As we learn in a tense (and very funny) scene at the offices of Chuck’s firm, Hamlin, Hamlin & McGill, he’s taken an extended leave from work due to his illness. His partner, the imperious Howard Hamlin (Patrick Fabian) is keeping Chuck on payroll, sending checks for sums like $26,000 through Jimmy instead of paying out the millions Chuck would be due if he cashed out his share of the business. Aside from a desire to keep that money in-house, it’s not clear yet why Howard is so set on holding Chuck’s place at the firm. What is clear is that Jimmy is livid about it, because both of the McGill boys are rapidly running out of money. And though Chuck is adamant enough about beating his illness and reclaiming his position to side with Howard — and god knows Jimmy’s motives aren’t questionable — I have a funny feeling that Jimmy is right about his brother’s partner.
Also at Hamlin, Hamlin & McGill, we meet Kim (Rhea Seehorn), a pretty blonde attorney who clearly has a history with Jimmy. In an intriguing scene outside the office, after our hero has thoroughly destroyed a trash can with his foot, he steals a drag of her cigarette — plucks it straight out of her mouth and then puts it back in! — and asks, “Couldn’t you just…” She replies, “You know I can’t.” We don’t find out precisely what they’re talking about, but the conversational shorthand alone speaks volumes about their relationship.
Better Call Saul‘s pilot doesn’t just set the scene, though — it also kick-starts the plot.

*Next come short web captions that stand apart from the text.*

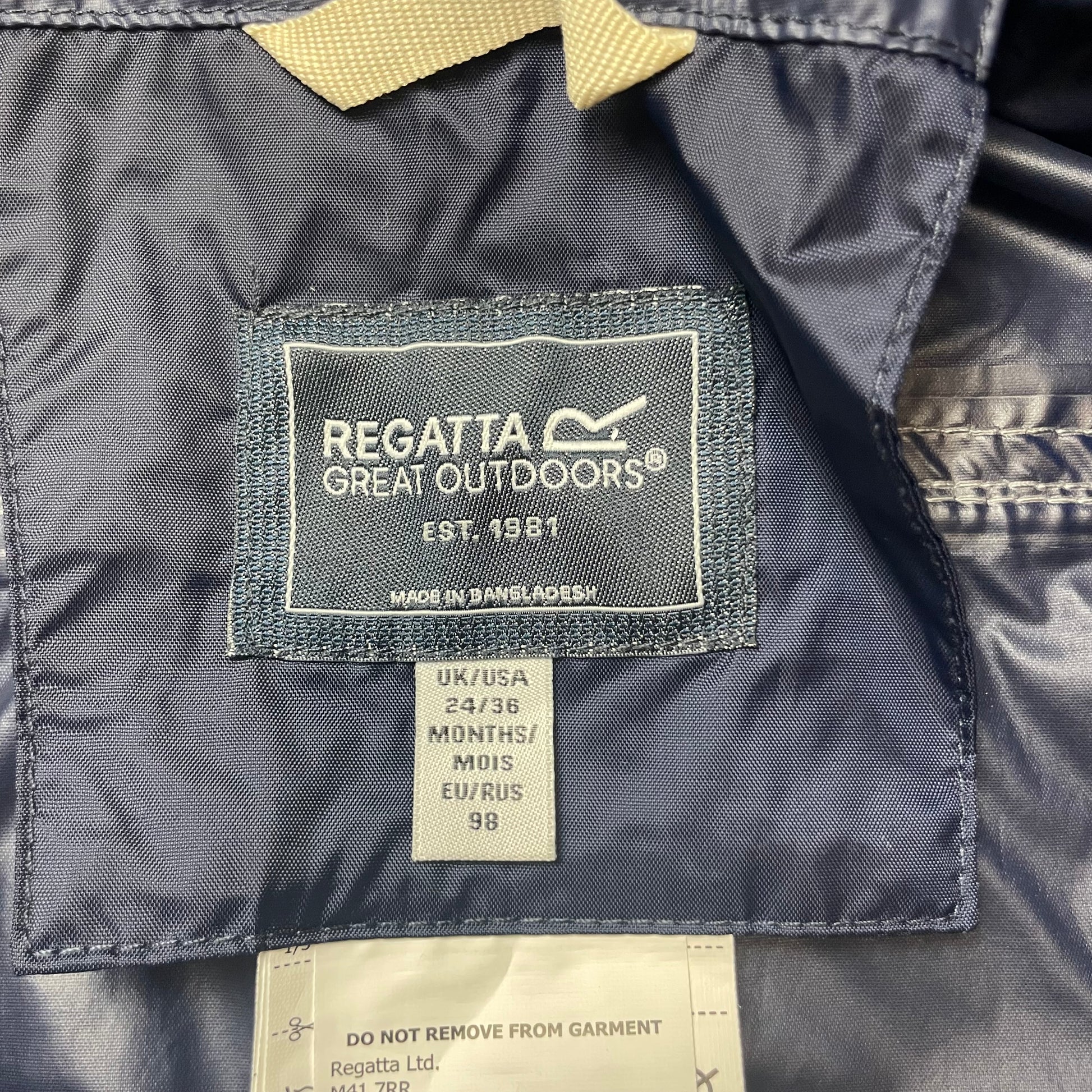 Dunkelblauer wasserdichter Overall für Kinder mit Kapuze von Regatta – label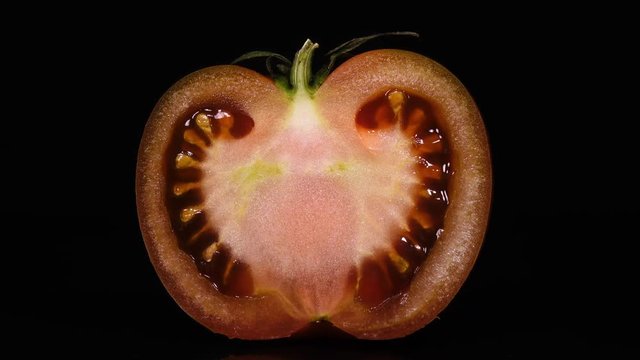 Close up of slit pink tomato with stem, rotating on black background to the right, contra-clockwise. Amazing texture of fresh vegetable in 4k, 3840x2160, clip.
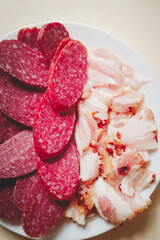 Sliced smoked sausage and bacon pieces close-up on light background.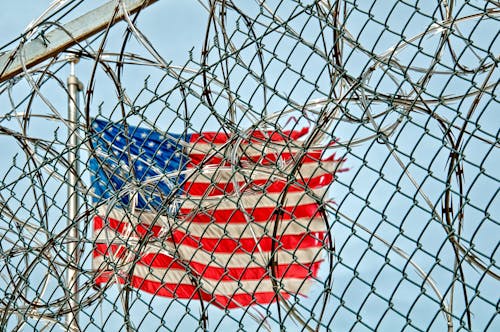 American Flag on Pole Under Blue Sky during Daytime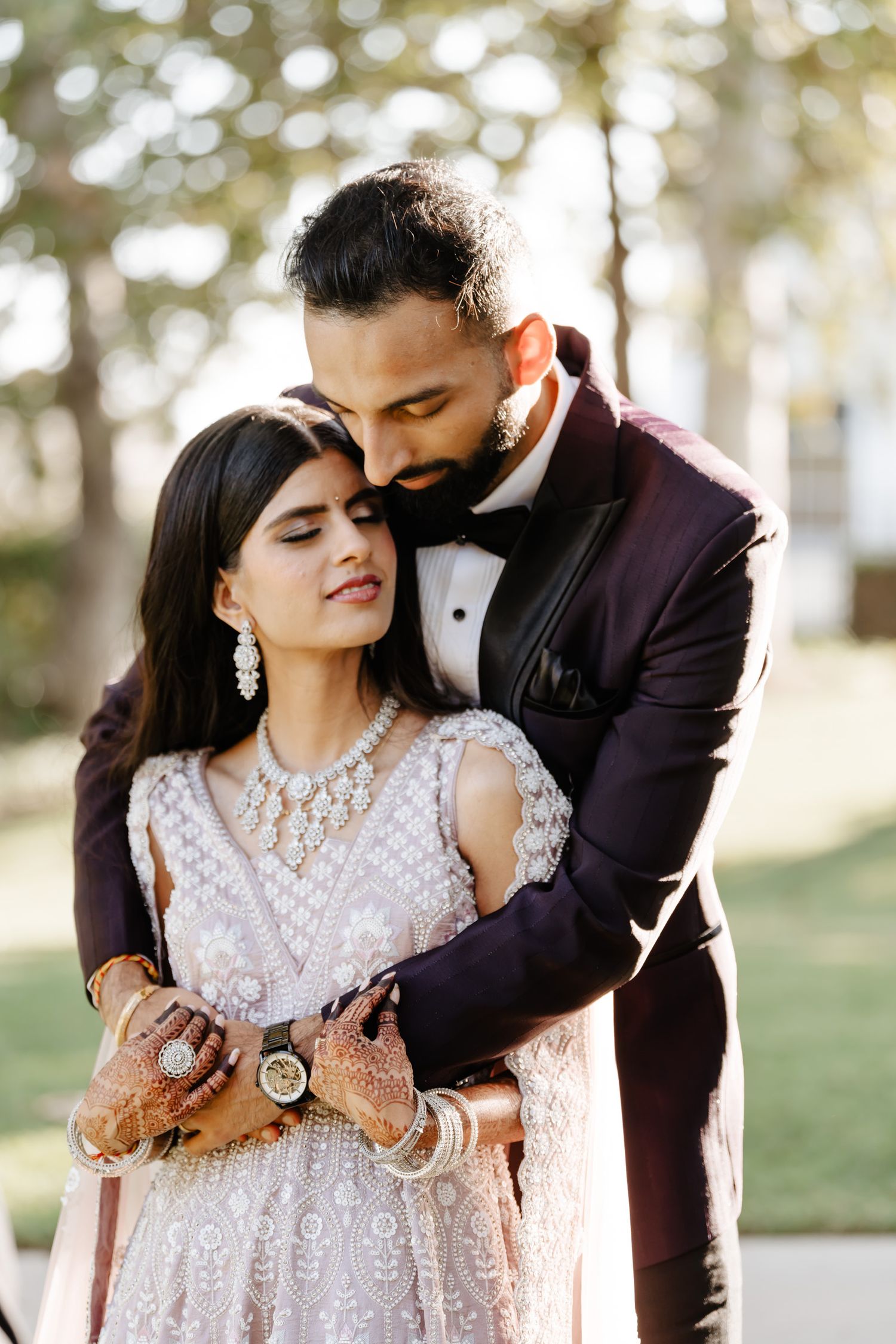 Couple in traditional wedding attire sharing tender moments in a sunlit garden setting.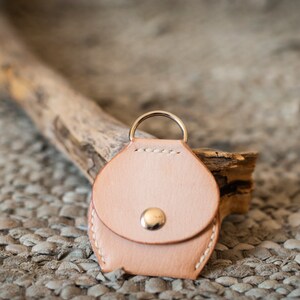 May include: A small, light brown leather keychain with a round, coin-shaped pouch and a silver ring. The keychain is sitting on a textured, brown surface.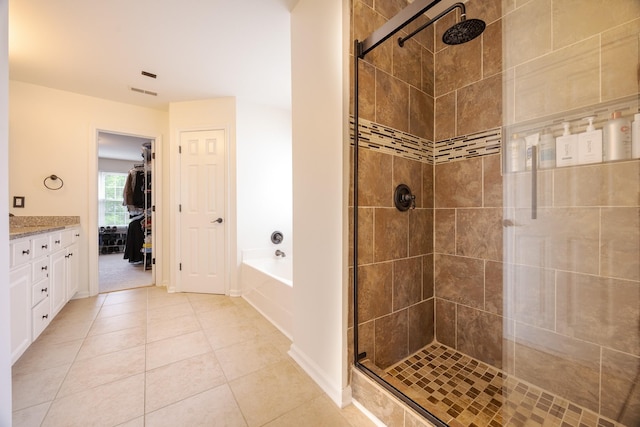 full bath featuring tile patterned flooring, vanity, a shower stall, visible vents, and a garden tub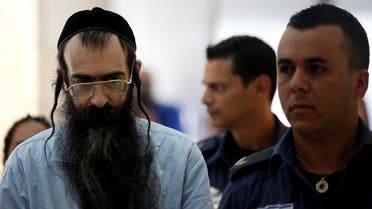 Yishai Schlissel (C), convicted of killing a woman during the 2015 Jerusalem Gay Pride Parade, is escorted by security personnel before he is sentenced at the Jerusalem District Court June 26, 2016. (Reuters)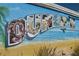 A colorful Dunedin mural featuring local food, drinks, and beach scenes at 817 Wilkie St, Dunedin, FL 34698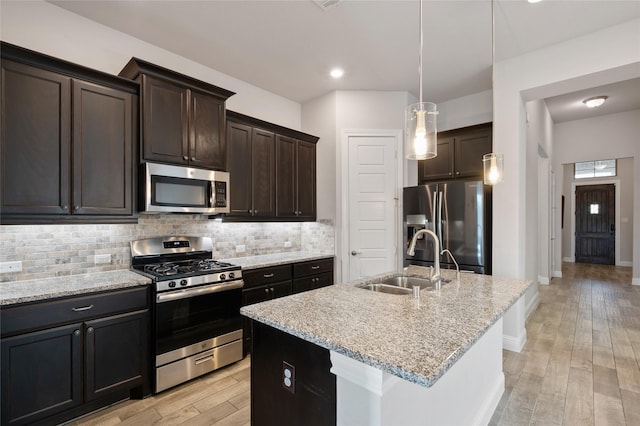 kitchen with sink, light stone counters, a center island with sink, stainless steel appliances, and backsplash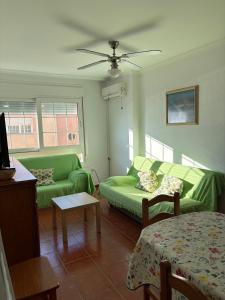 a living room with two green couches and a table at Apartamentos La Almadraba 1-5 in El Pozo del Cabo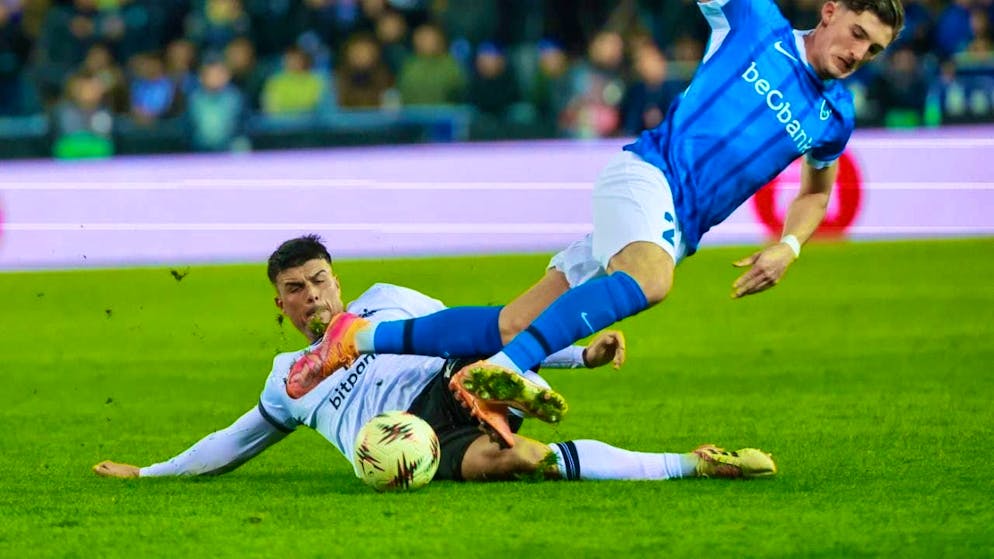 No high-flyers: Basel's Flavius Daniliuc (left) stops Robin Mirisola, but in the end the hosts Genk are jubilant in Belgium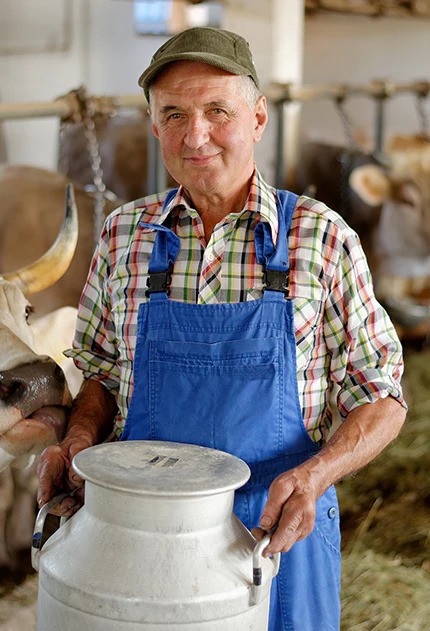 Person holding milk jug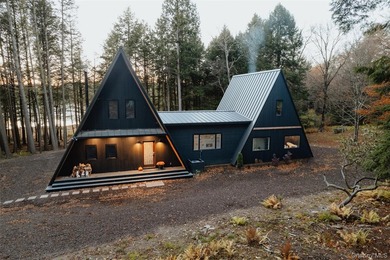 Escape to your own private woodland getaway in this striking - photo 2
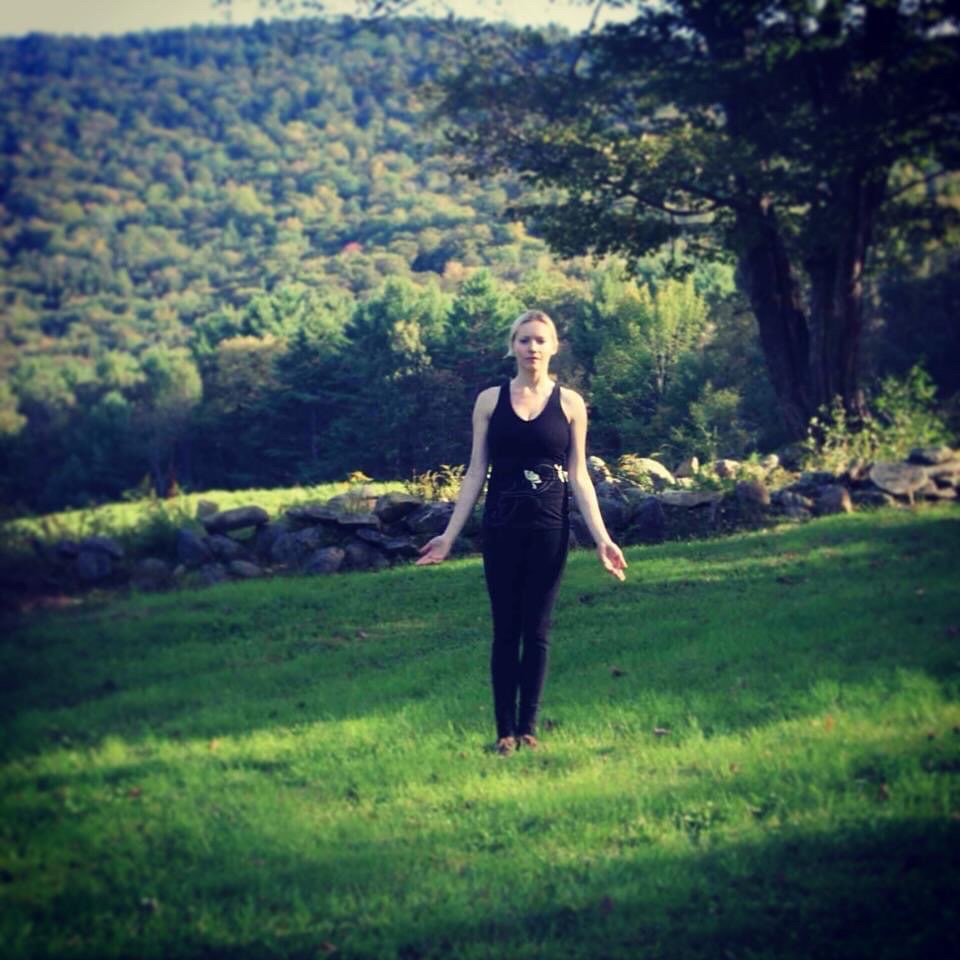 Woman standing on grass with trees and hills in background, facing forward, outdoors during daytime.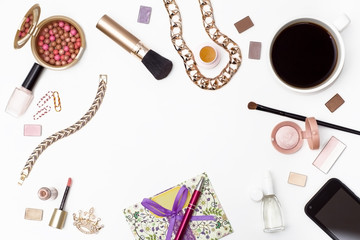 Flat lay of women cosmetics and accessories, pen, envelope, black coffee and a mobile phone on white background.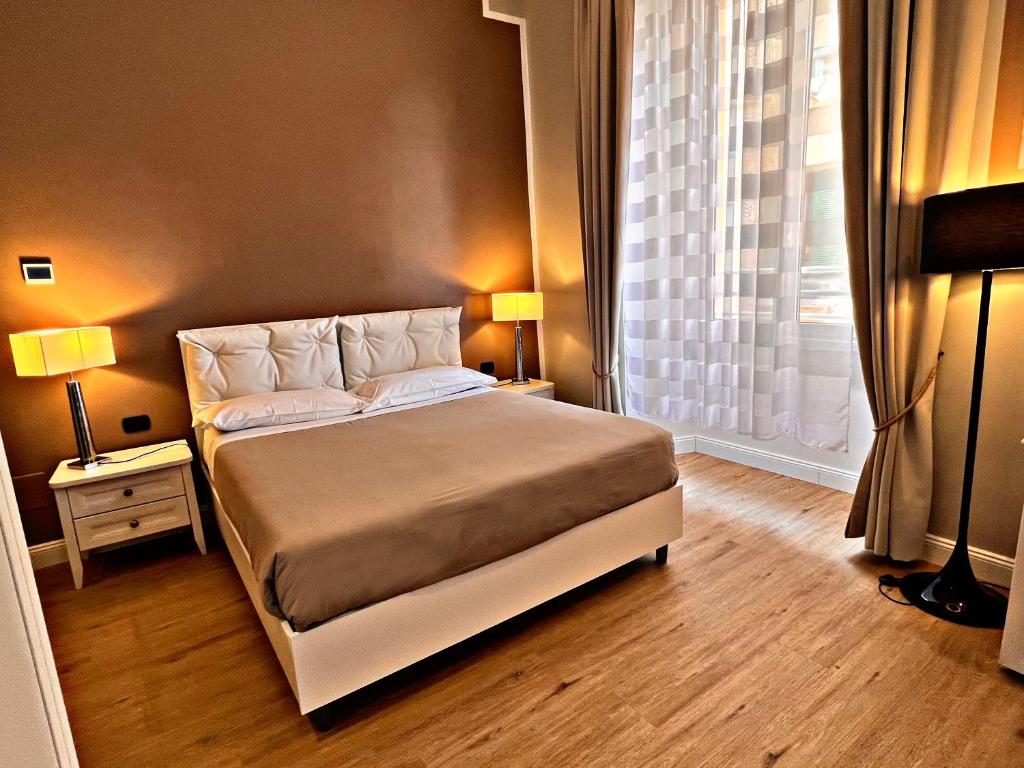 ローマにあるファビオ マッシモ ゲスト ハウスのベッドルーム1室(ランプ2つ、窓付)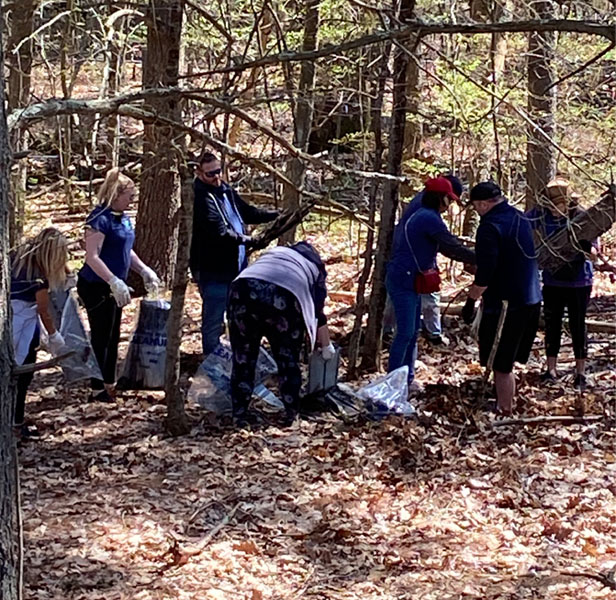 people cleaning up trash in woods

In his professional and monetary desperation, Jimmy is courting Craig Kettleman, a county treasurer who he pegs as a potential client when he reads in the paper that $1.6 million has gone missing from the treasury. After a fortuitous run-in with a pair of twin redheaded skateboard scammers, who Jimmy sees right through and then schools with his own story about his youthful escapades as “Slippin’ Jimmy,” Illinois’ personal injury fraud king, he sets up a scheme to guarantee the Kettlemans’ business. When his disciples set up Craig’s wife Betsy, Jimmy will magically appear to get her out of the legal pickle, thus positioning himself as the family’s lawyer.
It doesn’t go quite as planned, of course. Instead of getting out of the car when she smashes into a skateboarder, Betsy hits the gas. The twins follow her home, hanging on to the back of a truck. By the time they find out that the woman in the car isn’t Betsy at all but a Spanish-speaking grandmother, Jimmy is already in hot pursuit. A hit-and-run, after all, is an even bigger jackpot than a mere accident. Then he gets to the house and knocks on the door and gets a gun in the face. A very angry-looking young man — who Breaking Bad fans will surely recognize — pulls him inside.
So, our first episode of Better Call Saul also gives us our first cliffhanger. Though it wasn’t quite the same tour de force as Breaking Bad‘s pilot, it was absorbing and fun to watch all the way through, introduced rich characters and deep conflicts that are sure to pay off for seasons to come, and capitalized on its predecessor’s audience with the kind of slow, beautiful opening most new shows can’t afford. And, luckily, we won’t have to wait another week to find out what’s waiting for Jimmy inside that house — Episode 2 airs tomorrow at 10, and we’ll have plenty to discuss about it Tuesday morning.